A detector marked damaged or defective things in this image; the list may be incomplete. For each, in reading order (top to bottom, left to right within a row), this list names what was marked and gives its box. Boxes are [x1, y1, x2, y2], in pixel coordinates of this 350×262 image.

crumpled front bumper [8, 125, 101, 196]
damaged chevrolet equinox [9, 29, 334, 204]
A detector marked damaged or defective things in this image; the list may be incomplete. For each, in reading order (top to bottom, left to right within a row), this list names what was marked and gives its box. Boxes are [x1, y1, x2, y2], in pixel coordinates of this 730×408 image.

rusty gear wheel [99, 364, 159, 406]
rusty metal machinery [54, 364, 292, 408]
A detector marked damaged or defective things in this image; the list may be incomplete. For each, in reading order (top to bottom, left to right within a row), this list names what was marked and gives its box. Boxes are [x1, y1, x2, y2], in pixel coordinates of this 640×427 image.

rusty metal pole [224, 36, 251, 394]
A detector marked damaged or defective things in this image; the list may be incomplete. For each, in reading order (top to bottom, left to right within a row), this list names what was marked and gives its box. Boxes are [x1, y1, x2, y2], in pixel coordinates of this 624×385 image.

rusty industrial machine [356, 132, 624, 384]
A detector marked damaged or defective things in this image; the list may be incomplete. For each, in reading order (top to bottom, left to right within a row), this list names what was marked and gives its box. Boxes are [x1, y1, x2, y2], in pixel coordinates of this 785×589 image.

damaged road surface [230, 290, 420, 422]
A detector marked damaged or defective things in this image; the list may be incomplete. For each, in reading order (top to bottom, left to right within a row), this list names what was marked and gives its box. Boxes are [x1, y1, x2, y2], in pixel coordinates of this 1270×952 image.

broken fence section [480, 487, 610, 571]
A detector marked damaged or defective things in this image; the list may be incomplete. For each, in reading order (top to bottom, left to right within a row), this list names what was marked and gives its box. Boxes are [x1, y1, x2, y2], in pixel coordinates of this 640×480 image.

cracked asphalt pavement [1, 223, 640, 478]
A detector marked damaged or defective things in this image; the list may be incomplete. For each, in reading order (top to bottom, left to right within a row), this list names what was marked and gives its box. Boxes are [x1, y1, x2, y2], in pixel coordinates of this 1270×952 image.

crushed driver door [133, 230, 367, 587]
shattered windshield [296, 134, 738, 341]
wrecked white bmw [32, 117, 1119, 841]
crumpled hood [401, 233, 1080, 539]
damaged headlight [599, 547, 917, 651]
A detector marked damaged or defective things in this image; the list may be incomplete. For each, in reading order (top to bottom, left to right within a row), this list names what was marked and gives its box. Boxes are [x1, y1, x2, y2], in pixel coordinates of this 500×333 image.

Task item:
Line by line, please reproduce the records exactly.

Result for this exercise:
A detector marked damaged or defective things in this image; the list may be incomplete. For each, in reading order (top to bottom, left to right within a row), this list names what was marked and gives its box. Boxes are [x1, y1, x2, y2], in pixel coordinates of this 350×262 image.

crumpled front bumper [8, 125, 101, 196]
damaged chevrolet equinox [9, 29, 334, 204]
A detector marked damaged or defective things in this image; the list may be incomplete. For each, in reading order (top to bottom, left to right within a row), this list names what was marked and gives its box. Boxes are [x1, y1, x2, y2], in pixel coordinates of this 730×408 image.

rusty gear wheel [99, 364, 159, 406]
rusty metal machinery [54, 364, 292, 408]
A detector marked damaged or defective things in this image; the list may be incomplete. For each, in reading order (top to bottom, left to right within a row), this list names what was marked and gives its box. Boxes are [x1, y1, x2, y2], in pixel coordinates of this 640×427 image.

rusty metal pole [224, 36, 251, 394]
A detector marked damaged or defective things in this image; the list may be incomplete. For each, in reading order (top to bottom, left to right within a row), this list names what was marked and gives its box. Boxes are [x1, y1, x2, y2], in pixel coordinates of this 624×385 image.

rusty industrial machine [356, 132, 624, 384]
A detector marked damaged or defective things in this image; the list may be incomplete. For each, in reading order (top to bottom, left to right within a row), this list names what was marked and gives its box. Boxes are [x1, y1, x2, y2], in pixel coordinates of this 785×589 image.

damaged road surface [230, 290, 420, 422]
A detector marked damaged or defective things in this image; the list may be incomplete. For each, in reading order (top to bottom, left to right within a row), this list names what was marked and gives its box. Boxes are [x1, y1, x2, y2], in pixel coordinates of this 1270×952 image.

broken fence section [480, 487, 610, 571]
A detector marked damaged or defective things in this image; the list may be incomplete. For each, in reading order (top to bottom, left to right within a row), this list names what was marked and gives its box. Boxes are [x1, y1, x2, y2], in pixel coordinates of this 640×480 image.

cracked asphalt pavement [1, 223, 640, 478]
A detector marked damaged or defective things in this image; the list may be incomplete. For each, in reading order (top to bottom, left to right within a row), this list names what was marked and gives its box. Boxes are [x1, y1, x2, y2], in pixel coordinates of this 1270×952 image.

crushed driver door [133, 230, 367, 587]
shattered windshield [296, 134, 738, 341]
wrecked white bmw [32, 117, 1119, 841]
crumpled hood [401, 233, 1080, 539]
damaged headlight [599, 547, 917, 651]
A detector marked damaged or defective things in this image; the list may be incomplete. For each, in reading order (top to bottom, left to right within a row), this list names what was marked and gives its box. Boxes are [x1, y1, x2, y2], in pixel coordinates of this 500×333 image.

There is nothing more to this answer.